We move to the third section, the middle, which is even longer – 157 words – than the second. It opens with home and mother: “I’d see my mother cooking in the kitchen.” Breakfast was tough, TOAST (capitalized for some reason), frozen orange juice, and Shredded Wheat. “It was like wrapping your lips around a wood chipper.” Cream of Wheat had its problems as well, “It was like wrapping your lips around a wood chipper.”
And so we move to the fourth section. At 126 words it is longer than the second, but not as long as the middle. We move from home to Battle Creek, Michigan, “the corporate headquarters of Kellogg’s.” We return to the technology theme where Battle Creek is pitched as “some kind of cereal Silicon Valley. Filled with Breakfast Super Scientists working on frosted, fruit-filled, heatable rectangles.” Interestingly, Seinfeld gives us a note of skepticism, telling us that those rectangles have “the same nutrition as the box it comes in.” He ends by comparing those paired Pop-Tarts with “the two tablets of the 10 Commandments.” That certainly calls for a reset.
The fifth and last section is so short, only 37 words, that I’ll quote it in full:
“The Pop-Tart is here.
Two in the packet.
Two slots in the toaster.
Let’s see you screw this up.
Why two?
One’s not enough.
Three’s too many.
And they can’t go stale.
Because they were never fresh!”
Notice that last line, these delicious high-tech food wonders “were never fresh.” That does not sound like a ringing endorsement. Are they really the sort of thing that blows the back of one’s head off? Well, I figure it was a 10-year-old kid who had the back of his head blown off, but it’s an adult telling us they were never fresh. The bit dwells in childhood until the very end, where it yanks us into adulthood in a way that’s so clever we can only laugh.

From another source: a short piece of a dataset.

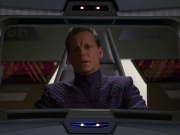 Filename=extant_StarTrek_VOY_7x22-NaturalLaw_3198.jpg
Filesize=133KiB
Dimensions=1200x900
Date added=Jan 16, 2020 extant_StarTrek_VOY_7x22-NaturalLaw_3198.jpg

What happened to breakfast?
When Seinfeld transformed that bit into a movie, he dropped the middle section, breakfast in the morning with mother. Mother’s gone and breakfast has become transformed. It frames the entire story and then appears within the story in different ways.
Unfrosted opens with a frame tale. A kid is running away from home and tops at a diner for breakfast. What does he order? “Two Pop-Tarts, please. Leave the box.” [Did diners actually serve Pop-Tarts back then?] As it so happens, the kid sat next to none other than Bob Cabana (Jerry Seinfeld), the executive who brought Pop-Tarts into the world. He starts telling the story: “Well, in the early ‘60s, the American morning was defined by milk and cereal.”
While movie opens with breakfast, there’s no mom and the kid’s running away from home. And since this IS a frame tale – you know that’s what it is, because you’ve seen lots of movies and you know that you’re viewing a frame-tale – you know that you’ll find out how things work out. But first we’ve got to listen to this mild-mannered middle-aged guy tell us the TRUE story about Pop-Tarts.
We cut to Bob Cabana walking out the front door of his home, giving his wife a kiss, and heading off to work. We’ll see this scene several times later in the film. The last time Bob will be abducted by the milk mob and whisked off to an interrogation by a short mob boss dressed in a white suit like Tatu from Fantasy Island – or perhaps not, as that show’s a decade and half after the introduction of Pop-Tarts. But I digress.
Back to breakfast. The next day Cabana decides to drive by Post headquarters on his way to work. He’s driving a nondescript yellow station wagon. It looks like a Chevy “unsafe at any speed” Corvair. They made a Corvair station wagon? Wikipedia says they did. I digress. Cabana stops the car, squints, and sees two kids dumpster diving. A little of this, a little of that, and Bob’s looking over the dumpster’s edge down into the bin:
Cabana: “Are you kids okay?”
Butchie: “Oh, sure. We live in nice homes and already had a complete breakfast.” [Said no kid, EVER.]
Cathy: “But we come here for this.”
Cabana: “It’s Garbage.”
Cathy: “Is it? Or is it some hot fruit lightning the man doesn’t want you to have?”
“The man, the man”? What ten-year-old girl talked like that in 1964?
Bob has a taste. His eyes pop wide open. The sky thunders and lightnings behind him. He rushes to Kellogg’s office: “They got a fruit-filled pastry dingus.” For the purposes of this movie, “dingus” is a term of art and will return several times.
Once again we have kids and something like breakfast, but not at home, and no mom. These kids are out adventuring.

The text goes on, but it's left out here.